Pensaba de la gracia como un poder que lo habilitaría para alcanzar la victoria y vencer cada pecado en su vida; transformaría su débil naturaleza, crearía en él el mismo carácter y la misma perfecta humanidad que Cristo tuvo. Le aseguraban que el Salvador había tomado una naturaleza humana caída y aún así había vencido cada tentación, pensamiento y deseo pecaminoso, con el mismo poder que la gracia otorga a todo creyente. Mediante el ayuno, la oración y otras prácticas que tenían como propósito purificarlo de la contaminación del mundo, pensaba poder vivir la misma vida perfecta que Jesús vivió. Con este error vivió muchos años.
Francisco había abandonado muchas cosas que en su forma de pensar lo contaminaban; asistía a reuniones especiales donde se fomentaba la experiencia espiritual. En muchas ocasiones le sirvieron de aliento y seguridad; le hacían sentir que Dios estaba en su vida, que era real; pero, como son las nubes en el cielo que ahora están y al rato desaparecen, así de pasajeras eran aquellas experiencias; y lo sumergían en mayor desesperación. Por lo que cuestionaba el poder de la gracia en su vida. Si ella es un poder para limpiarme ¿por qué existe tanta maldad en mi corazón?, se preguntaba.

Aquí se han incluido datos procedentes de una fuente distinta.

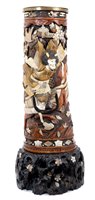 Lot 779 - Impressive 19th century Japanese carved bamboo...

Los años pasaban y su carne era tan corrupta como al principio, una espesa nube de dudas, un cielo que ocultaba la presencia aprobadora de Dios, lo sumergía en la incertidumbre. Aunque se guardaba de aquellas prácticas consideradas mundanas, percibía en su interior la misma fuerza que lo esclavizaba al pecado. Al igual que Pablo muchas veces gemía: “miserable de mí, ¿quién me librará de este cuerpo de muerte?”(Romanos 7:25) Los ritos y los mandamientos que obedecía tenían reputación en cuanto a la carne, pero nada podían contra su corazón rebelde y traicionero (Colosenses 2:23).
Un día, de esos que el Cielo le niega el consuelo a los moribundos, invitaron a Francisco a una reunión espiritual; a la cual asistió, empujando su cuerpo que ya resistía toda fórmula, métodos y técnicas para lograr la purificación de la carne. Estaba tan defraudado de Dios y del Cristianismo que practicaba, que muchas veces se vio tentado a entregarse por completo a las garras del placer de la carne, para escapar, aunque fuera de manera ilusoria, a los tormentos de su conciencia.
Esta reunión era diferente, cambiaría el resto de su vida y le daría una comprensión de Dios que antes desconocía. Se sentó y guardó silencio, absorbiendo cada palabra, cada pensamiento impregnado de una melodía celestial; un consuelo divino que respondía a cada una de sus inquietudes. Aquel momento fue un encuentro con la gracia, la que nunca había conocido y por la cual suspiraba sin saber por qué lo hacía. Cristo dejó de ser el modelo que luchó por imitar por tanto tiempo y que cada vez veía tan distante, para transformarse en el poderoso y misericordioso Salvador que los discípulos descubrieron. Por primera vez llegó a comprender lo que significa que Dios tiene por justo al impío; y Cristo se convirtió en su único y mayor tesoro.
En el pasado había hecho de la gracia un poder sobrenatural, una capacitación especial, y miraba a su interior, a su experiencia, conducta y buenas obras en procura de seguridad. Un camino que lo había llenado de confusión y horribles tormentos. Ahora sus ojos estaban hechizados por la gloriosa perfección del Salvador, su corazón rebosaba de alegría, y disfrutaba de una certeza que nada en este mundo le había podido otorgar: la que sólo entienden los que vienen al manantial de la gracia a beber de sus cristalinas aguas. Francisco descubrió que la gracia le había otorgado en Cristo toda la justicia y perfección que necesitaba. Sobrecogido por esta revelación, ahora podía confesar que era justo, no en la carne, pero si en su Representante celestial. Dios le había mostrado que la perfección que necesitaba para estar delante de su Juez ya la tenía en Cristo, preservada para él en el cielo. Esa verdad le otorgó paz.